The main working surface of the cutter is inclined towards the axis of rotation at an angle α (the angle of installation of the cutter α=20°), the chamfer surface is inclined at an angle β = 65°. For a chamfered cutter, the area S_{t} is considered as the sum of the main vertical projection S_{tm} and the vertical projection of the chamfer S_{tc}
$$S = S_{t\mathrm{r}}+S_{{t}\mathrm{c}}, \tag*{(1)}$$and the horizontal projection is:
$$S = S_{g\mathrm{r}}+S_{{g}\mathrm{c}}, \tag*{(2)}$$where S_{tm} and S_{tc} are projections of the main surface of the cutter and the chamfer, respectively, onto the horizontal plane (the face plane).
From Fig.2 the following relations are drawn:
$$S_{g\mathrm{r}} = S_{t\mathrm{r}}\mathrm{tg\alpha}, \quad S_{g\mathrm{c}} = S_{t\mathrm{c}}\mathrm{tg\beta}. \qquad \tag*{(3)}$$Calculation of the contact area S_{t} of the cutter with the rock mass at a given drifting δ for one of its turnover is carried out in the AutoCAD automated design system (Fig.3).
The projection of the cutter contour on the vertical plane is an ellipse with the major axis d and the minor axis dCosα, located vertically. Since S_{t} lies in the plane passing through the radius R and the axis of rotation (vertical plane), projections of the contours of the main and auxiliary cutters were plotted in this plane in two positions: for one drifting and for the subsequent ones offset by d. Thus, the profile of the face and projections of the contact areas S_{tm} and S_{tc}, were obtained, which were measured using AutoCAD.
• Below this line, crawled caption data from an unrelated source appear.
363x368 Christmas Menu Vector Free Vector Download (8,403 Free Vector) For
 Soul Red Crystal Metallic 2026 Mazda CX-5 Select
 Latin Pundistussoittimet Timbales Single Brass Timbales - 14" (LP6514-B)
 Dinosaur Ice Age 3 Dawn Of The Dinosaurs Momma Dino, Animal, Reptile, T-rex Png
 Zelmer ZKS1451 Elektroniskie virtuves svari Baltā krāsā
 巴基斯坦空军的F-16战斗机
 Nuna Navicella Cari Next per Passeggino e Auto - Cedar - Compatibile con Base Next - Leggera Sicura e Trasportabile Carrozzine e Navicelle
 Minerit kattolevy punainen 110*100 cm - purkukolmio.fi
The mechanisms of deformation and rock breakdown of various plastic-brittle rocks differ insignificantly. Assessment of the loading of cutters during the breakdown of rocks of this class with different hardness can be carried out using the relative values of the forcing pressure p_{gr} and cutting p_{tr}, which are calculated relative to the yield strength of the rock by the p_{r} die as follows:
$$p_{g\mathrm{r}} = p_{g}/{p_\mathrm{r}}; \tag*{(4)}$$ $$p_{t\mathrm{r}} = p_{t}/{p_\mathrm{r}}. \tag*{(5)}$$The average forcing p_{g} and cutting p_{t} pressures of the cutter on the rock mass are inversely proportional, respectively, to the horizontal S_{g} and vertical S_{t} projections of the contact cutter area with the rock mass. The contact area depends on the drifting per turnover, for each certain bottomhole coverage scheme.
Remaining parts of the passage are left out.